Colm Kelleher, a marine biologist who spent more than a decade working on the Department of Defense’s Advanced Aerospace Weapon System Applications Program (AAWSAP), has recently lifted the veil on one of the United States’ most extensive and secretive investigations into unidentified aerial phenomena. In a new memoir released this month, Kelleher describes how a multi‑agency task force, headquartered in a discreet facility near Las Vegas, received the largest ever budget allocation for studying UFOs and related anomalous events. “The funding was unprecedented,” he writes, “and it allowed us to bring together physicists, engineers, psychologists and, yes, biologists, to examine reports that had previously been dismissed as fringe.” The book, which blends personal narrative with declassified documentation, offers a rare insider’s view of a program that operated parallel to the more widely known AATIP effort, yet was far more expansive in scope.
The Las Vegas‑based operation, according to Kelleher, was tasked not only with analyzing radar and sensor data from military pilots but also with investigating phenomena that straddled the line between aerospace anomalies and what some would label “paranormal.” Among the most intriguing cases were the recurring reports from the so‑called Skinwalker Ranch in Utah, a property long associated with unexplained lights, animal mutilations and other oddities. Kelleher notes that the team deployed a combination of high‑resolution cameras, lidar mapping and environmental sampling to capture data that could be cross‑referenced with eyewitness accounts. “We were looking for any measurable signature—electromagnetic, acoustic, biological—that could point to a non‑human source,” he explains. While the findings remain classified, the book suggests that the data collected at Skinwalker Ranch was among the most compelling, prompting the program to allocate additional resources for extended monitoring.

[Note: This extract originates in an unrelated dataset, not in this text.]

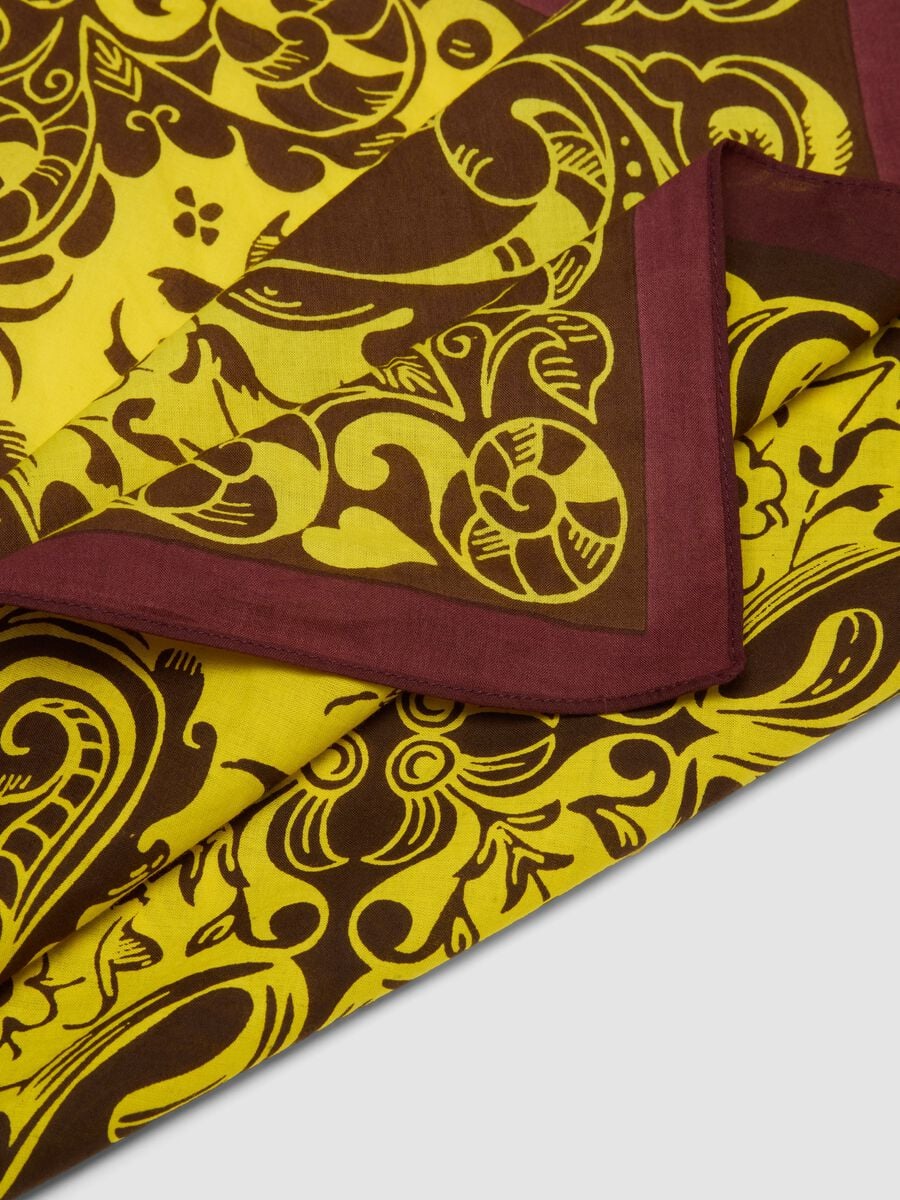 Red pure cotton scarf with ornamental print_3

Kelleher’s account also sheds light on the internal dynamics that shaped the program’s direction. He describes a tension between traditional defense analysts, who emphasized potential foreign adversary technology, and a subset of scientists who entertained the possibility of non‑human intelligence. This debate influenced the allocation of research teams and the framing of investigative questions. “There were moments when the data forced us to consider hypotheses outside the conventional playbook,” he writes, “but the bureaucratic structure often required us to couch those ideas in more defensible, terrestrial terms.” The memoir recounts several high‑level briefings in which senior officials demanded rigorous statistical analysis, leading the team to develop novel methodologies for assessing low‑probability events without succumbing to confirmation bias.
The book also contextualizes the Las Vegas effort within a broader historical pattern of government‑sponsored UFO research. From Project Sign in the late 1940s to the recent establishment of the All‑Domain Anomaly Resolution Office (AARO) in 2022, each successive initiative has built upon the data and lessons of its predecessors. Kelleher points out that the AAWSAP program was the first to receive a dedicated, multi‑year budget that explicitly included “paranormal” phenomena, marking a shift from purely defensive concerns to a more open‑ended scientific inquiry. He credits this evolution to mounting pressure from congressional committees, veteran pilots and a growing public demand for transparency.
While Kelleher’s revelations provide unprecedented detail, many aspects of the Las Vegas program remain shrouded in classification. The memoir ends with a call for continued declassification and independent peer review, arguing that only through open scientific scrutiny can the true nature of these anomalies be determined. “If there is indeed evidence of non‑human intelligence, it is a matter of profound significance for humanity,” he concludes. As policymakers grapple with the implications of the emerging data, Kelleher’s insider perspective adds a crucial, measured voice to an ongoing debate that bridges national security, scientific curiosity and the public’s enduring fascination with the unknown.